Factor No. 5. Plaintiffs produced evidence at trial that showed that Defendants had marketed their products in the same retail stores as Plaintiffs’ and their licensees.

Factor No. 6. The Court again found that Plaintiffs had produced sufficient evidence as to the low degree of purchaser care. In fact, Defendants’ representatives testified that given the cost of their merchandise between $7 and $15, the products were not generally expensive and were typically “a good value” and “an impulse purchase.” Defendants could not dispute the well standing legal principle “that low prices imply correspondingly low consumer care” when purchasing a certain product.

Factor No. 7. Here, the Ninth Circuit clarified that Plaintiffs were not required to prove that the Defendants knew that their actions were unlawful but only that “they intended to `confuse’ consumers concerning the endorsement of their products”. To satisfy this burden, Plaintiffs offered evidence that demonstrated that Defendants’ t-shirts contained a nearly identical photograph of Bob Marley with similar Rastifarian green, yellow and red stripes on a black t-shirt. The Court held that a reasonable jury could “infer that [Defendants] sought to associate their product with Plaintiffs by intentionally creating similar merchandise.”
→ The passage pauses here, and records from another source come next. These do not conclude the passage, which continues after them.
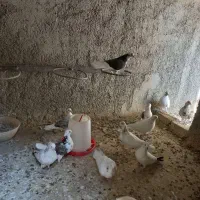کفتر ساعتی نسل دار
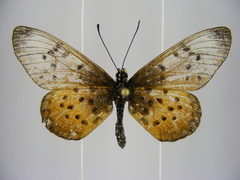 Acraea pseudegina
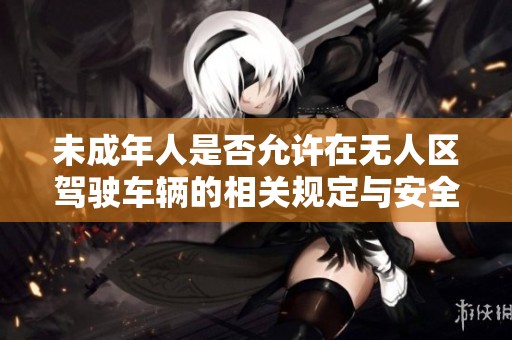 未成年人是否允许在无人区驾驶车辆的相关规定与安全考量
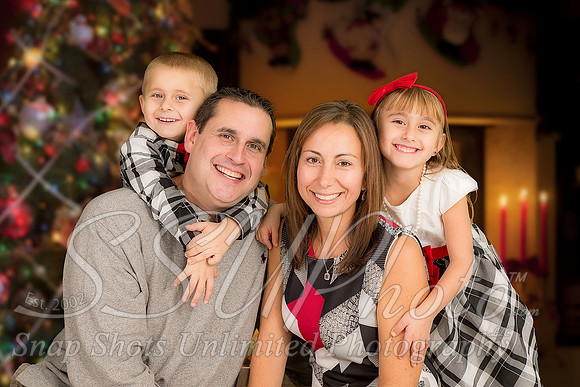 rosachristmas201500041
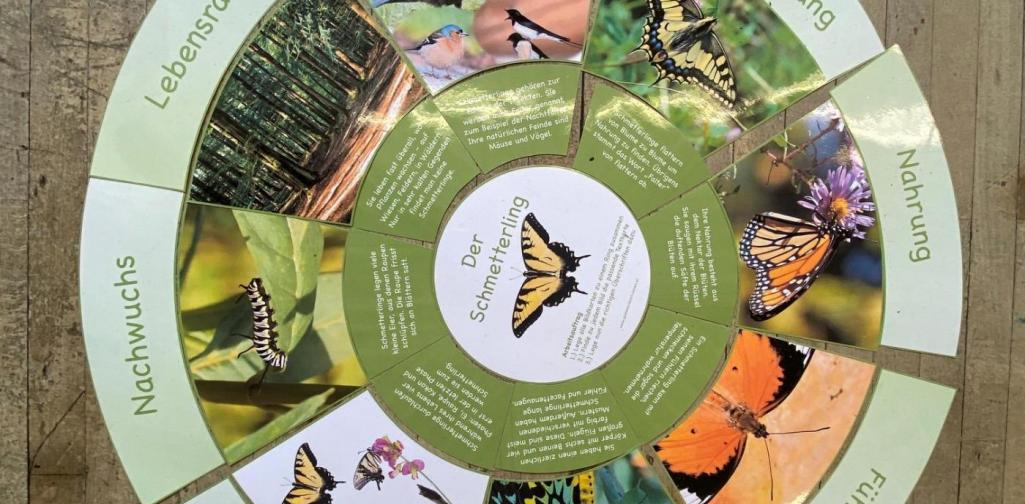 Schmetterlingsprojekt 3b (SJ 2020/2021)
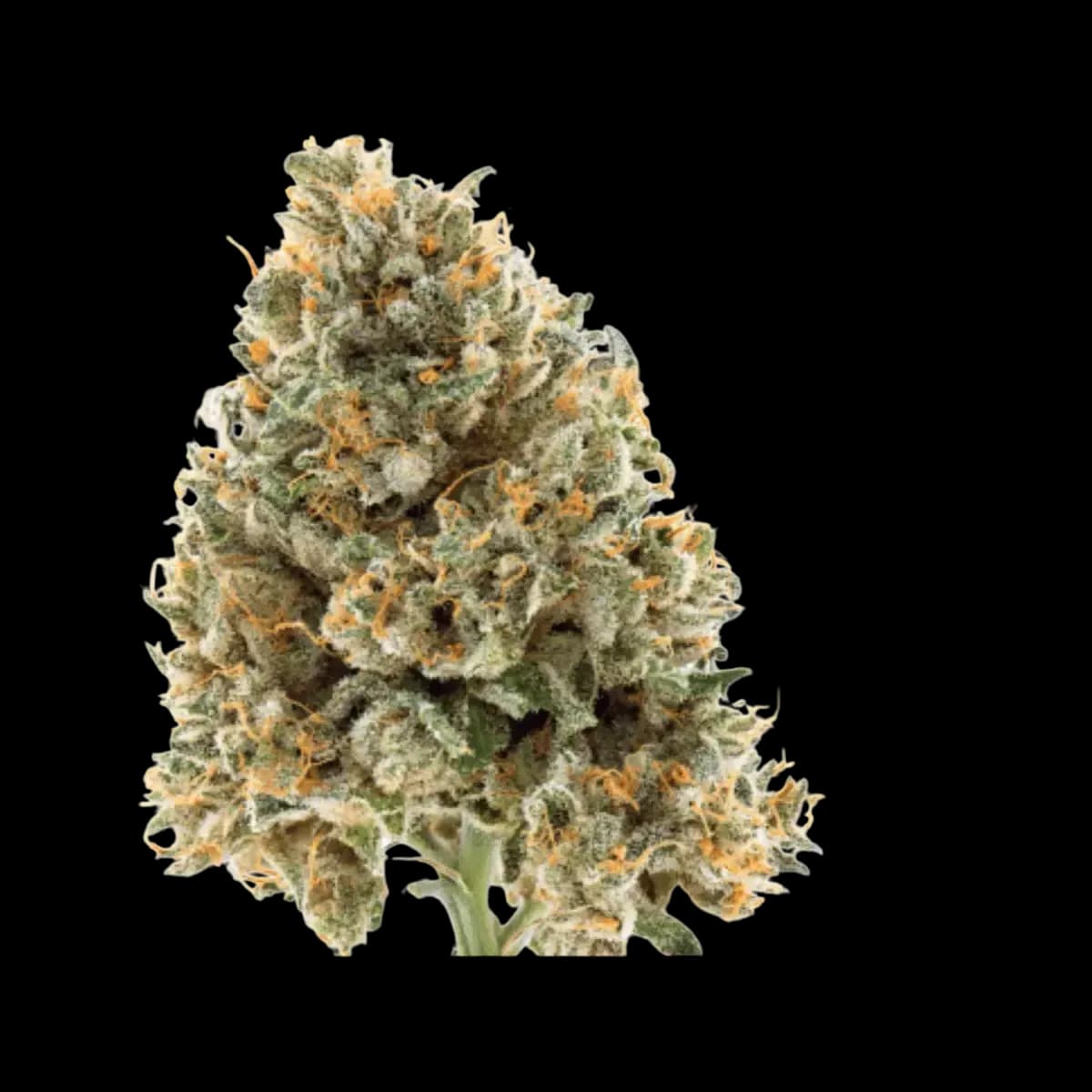 Med. Cannabis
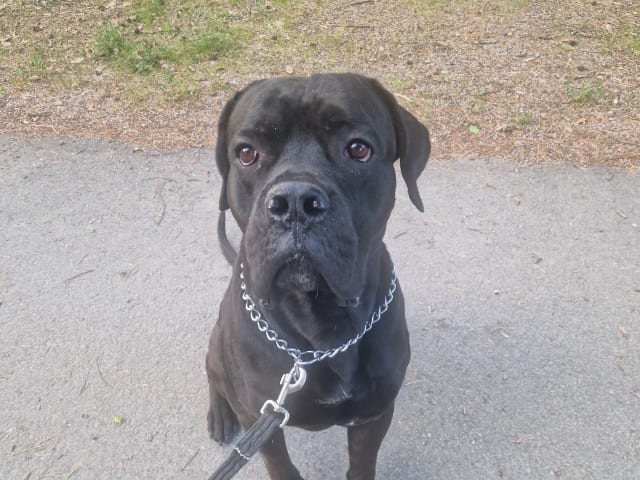 Cane Corso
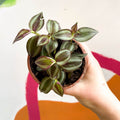 Inch Plant - Tradescantia zebrina - British Grown - Sprouts of Bristol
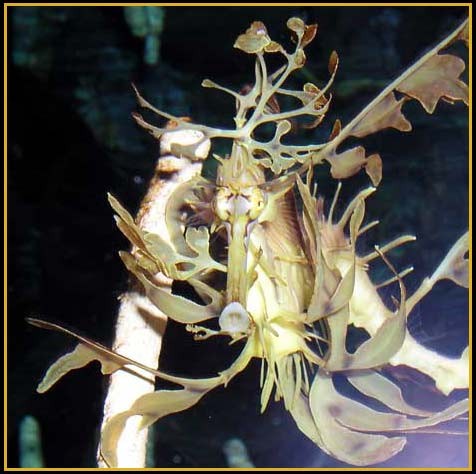 Hình ảnh độc đáo về Cá Rồng ảnh 9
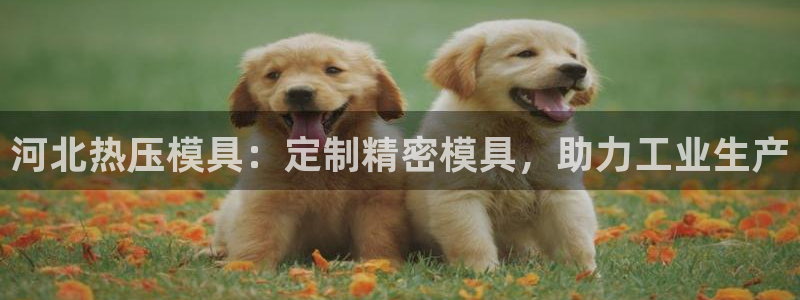 杭州易倍达科技有限公司怎么样：河北热压模具：定制精密模具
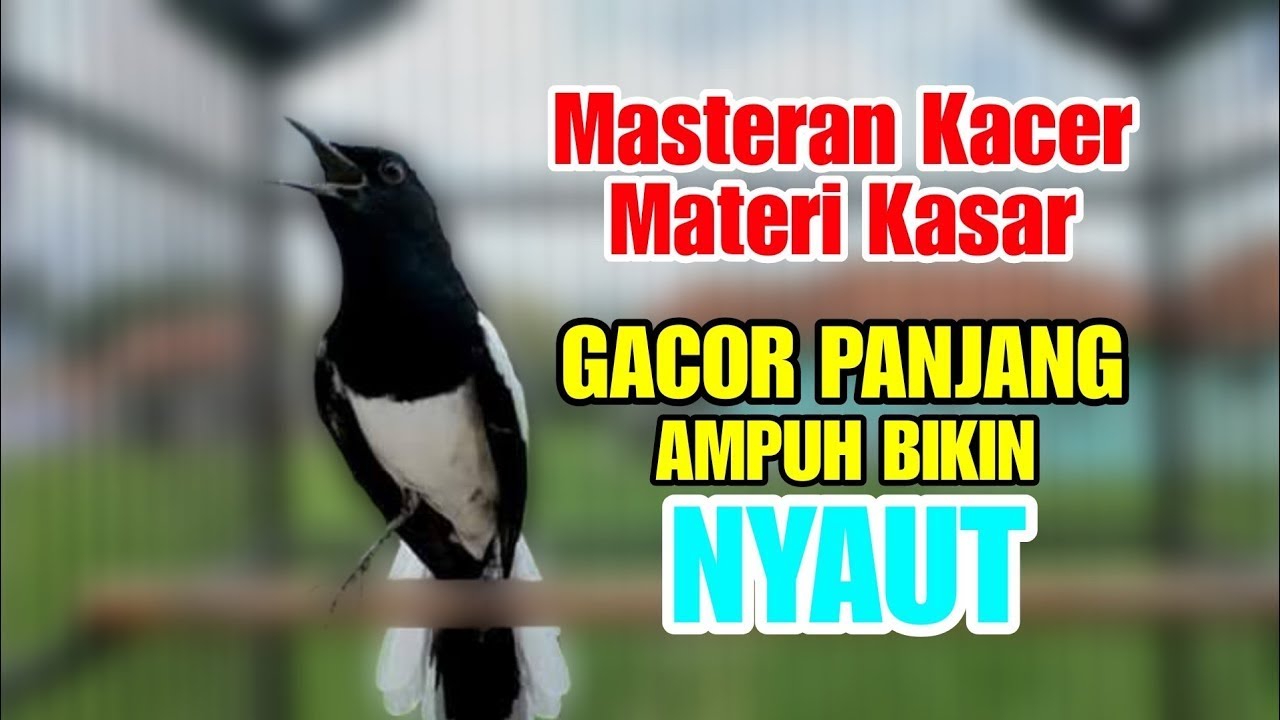 suara kacer gacor NGEPLONG tarung ini paling AMPUH buat PANCINGAN KACER agar EMOSI NYAUT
None of the parties addressed the eight factor of likelihood of expanding product line and so the Court turned to the additional factor as to the association between Bob Marley and the Plaintiffs. The Court found that there was sufficient link here because Bob Marley himself sold merchandise bearing his image during his lifetime and his successors had continued to do so after his passing. Furthermore, over the years, Plaintiffs have actively prosecuted similar claims of improper uses of Bob Marley’s likeness and there was testimony offered that even Defendants were aware that Hope Road and Zion held the license to Bob Marley’s image based on “market knowledge.” Thus, the Ninth Circuit concluded that the jury properly found that there was a likelihood of confusion as to Bob Marley’s “endorsement” of Defendants’ products.

Defendants also argued that the claim for a false endorsement should fail because Bob Marley’s image had not been used to endorse some other product. The Court rejected this argument and held that the use of Bob Marley’s image on Defendants’ product itself was sufficient to state a claim under the Lanham Act since it had been “used directly on the Defendants’ goods,” as required by section 1125(a).

Finally, the Defendants argued that allowing Plaintiffs to prevail on their false endorsement claim under 15 USC §1125(a) would essentially create a “federal right of publicity.” The Ninth Circuit rejected this argument as well, recognizing that a claim under the Lanham Act for false endorsement was different than a state right of publicity claim because it added the additional element of likelihood of confusion. The Court found that the inclusion of this additional factor, coupled with the assumption as to Congress’ intent, led to the conclusion that a false endorsement claim under the Lanham Act was sufficiently different from and did not create a federal right of privacy claim.

One issue that permeates the Ninth Circuit’s opinion appears to be the fact that Defendants chose to waive or not pursue certain defenses as to Plaintiffs’ false endorsement claim. These included the aesthetic functionality defense as well as a defense under the Copyright Act that were not developed in the lower court. As a result, the Ninth Circuit was precluded from considering them and thus it is uncertain whether the assertion of these defenses would have led to a different result.